__Task description__
Only the lines from the one containing "High Performance New" to the end of the data should be copied, exactly and without pictures.

__The data__
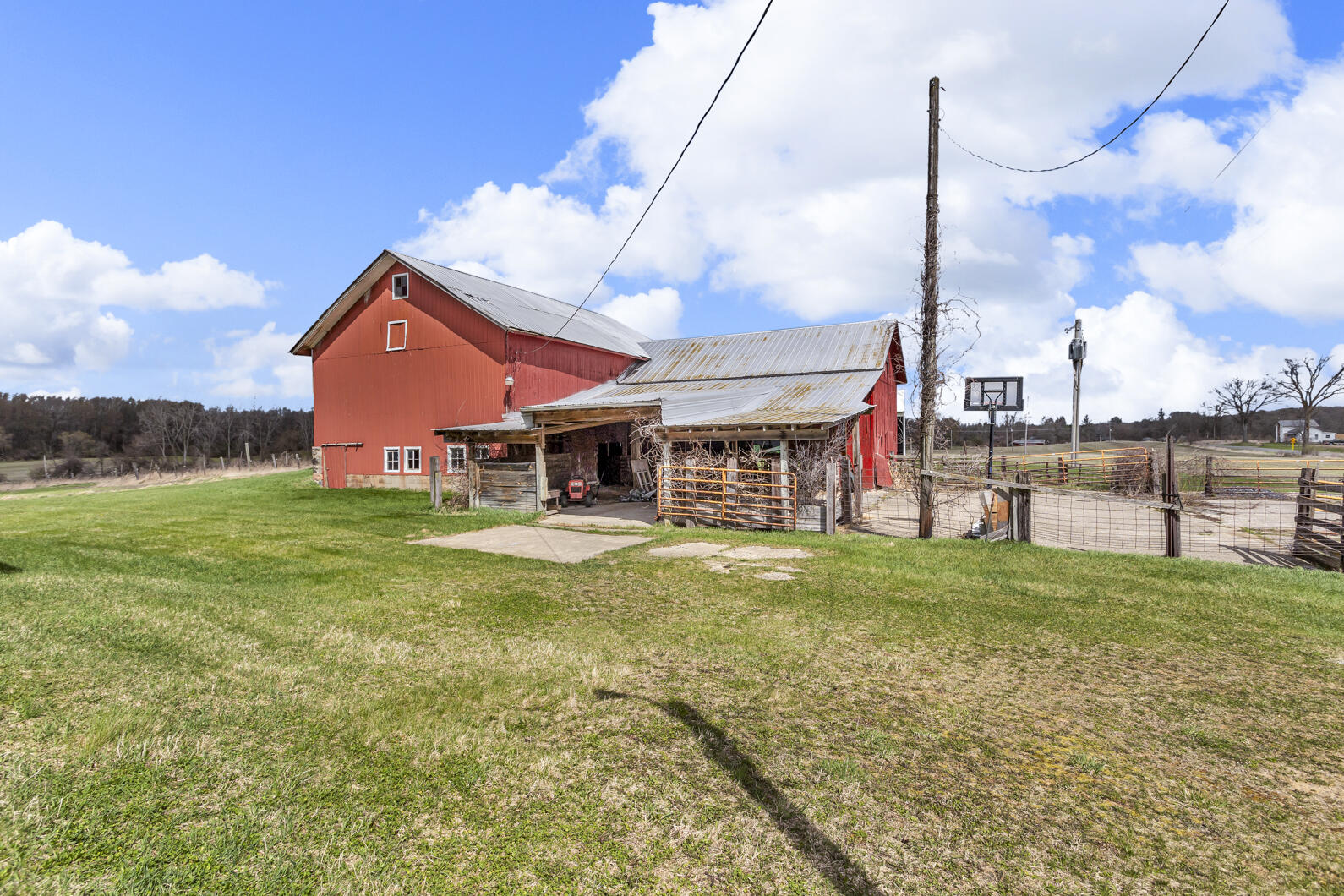 9212 Rives Junction Road Rives Junction, MI 49277 - Photo 55 of 67 0N0A1344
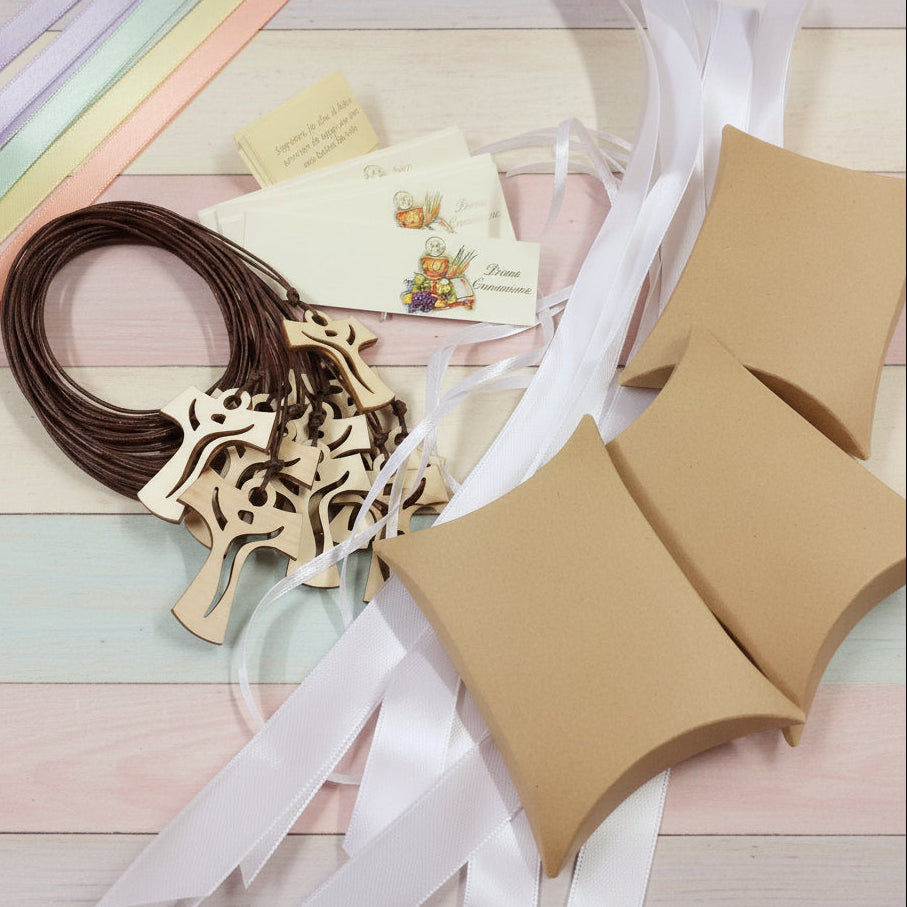 fai da te torta scenografica di confetti con Tau Croce legno ciondolo collana cordoncino marrone bomboniera Prima Comunione Cresima da confezionare con bustina cannetè onda avana beige bigliettino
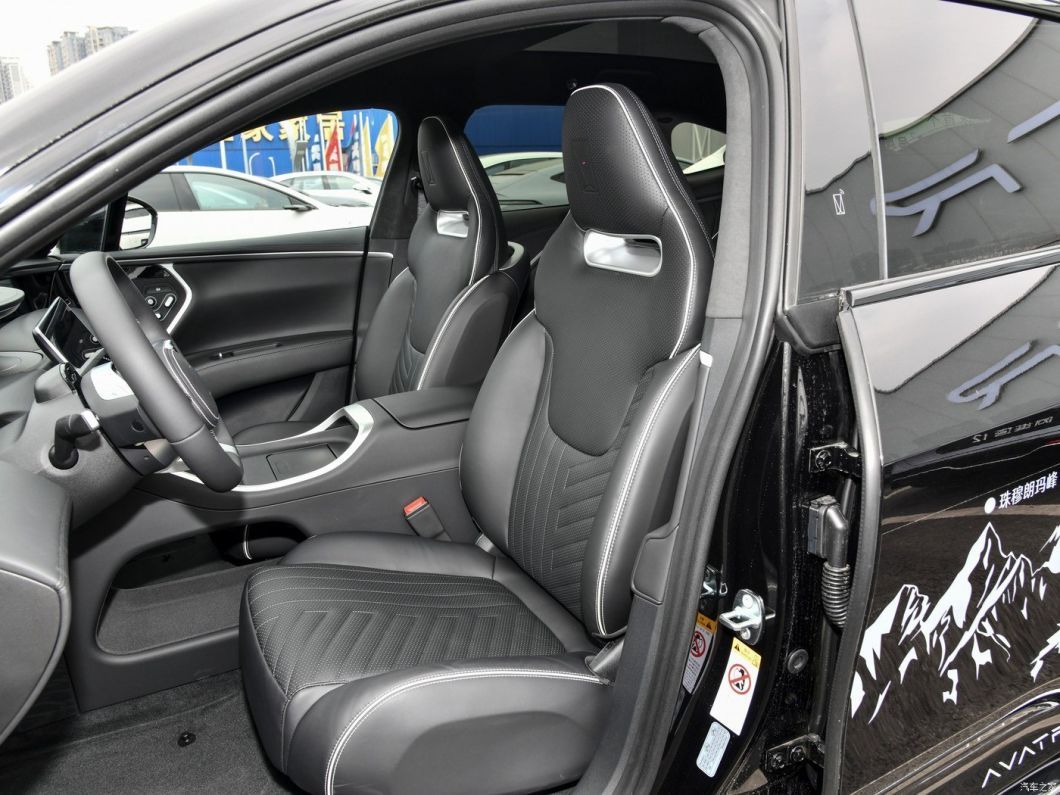 High Performance New Energy Electric SUV Automatic Car Changan Huawei Avatr 11 EV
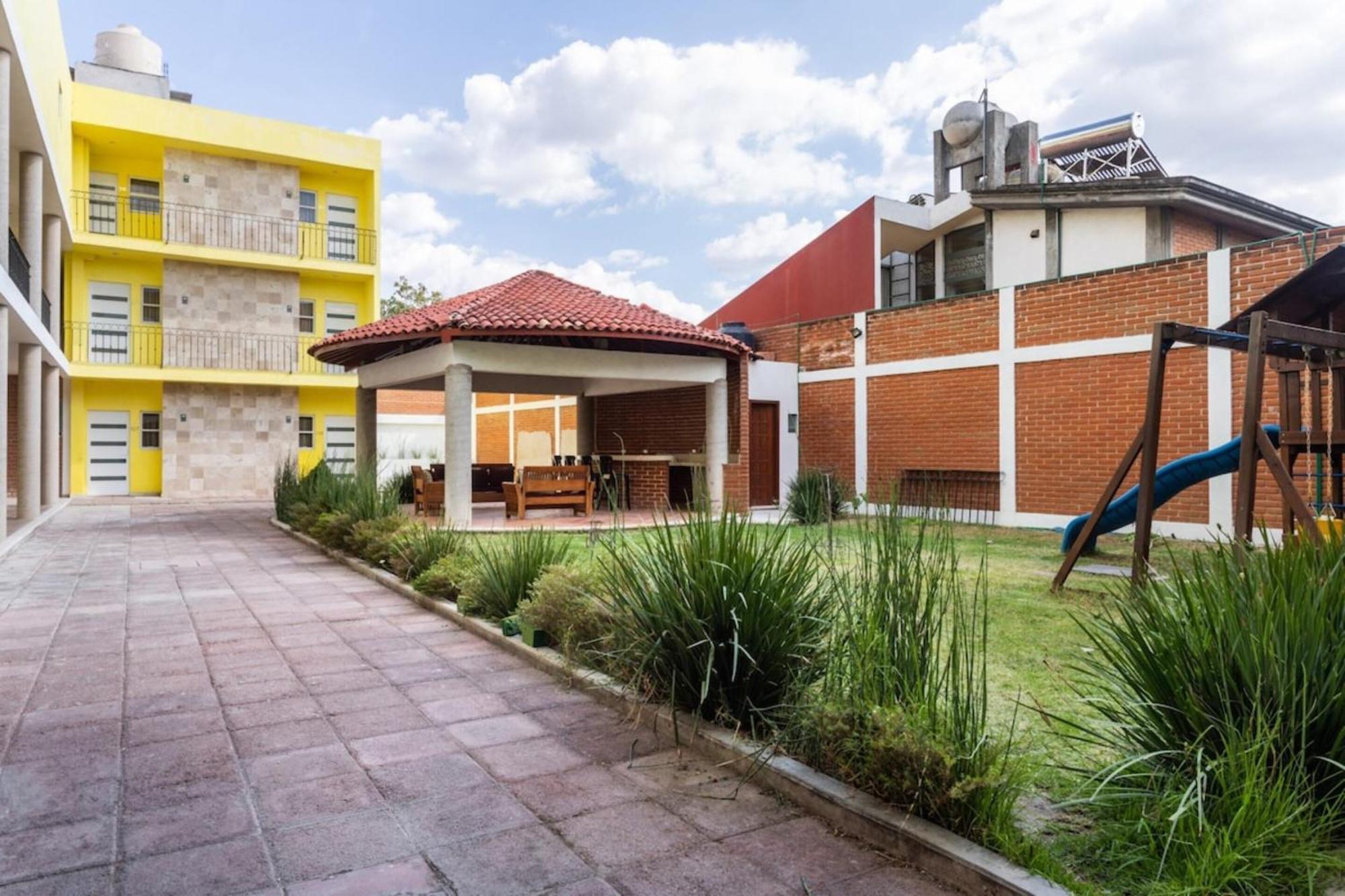 Oyo Hotel Emperadores Inn, Atlixco Dış mekan fotoğraf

__Written response__
 High Performance New Energy Electric SUV Automatic Car Changan Huawei Avatr 11 EV
 Oyo Hotel Emperadores Inn, Atlixco Dış mekan fotoğraf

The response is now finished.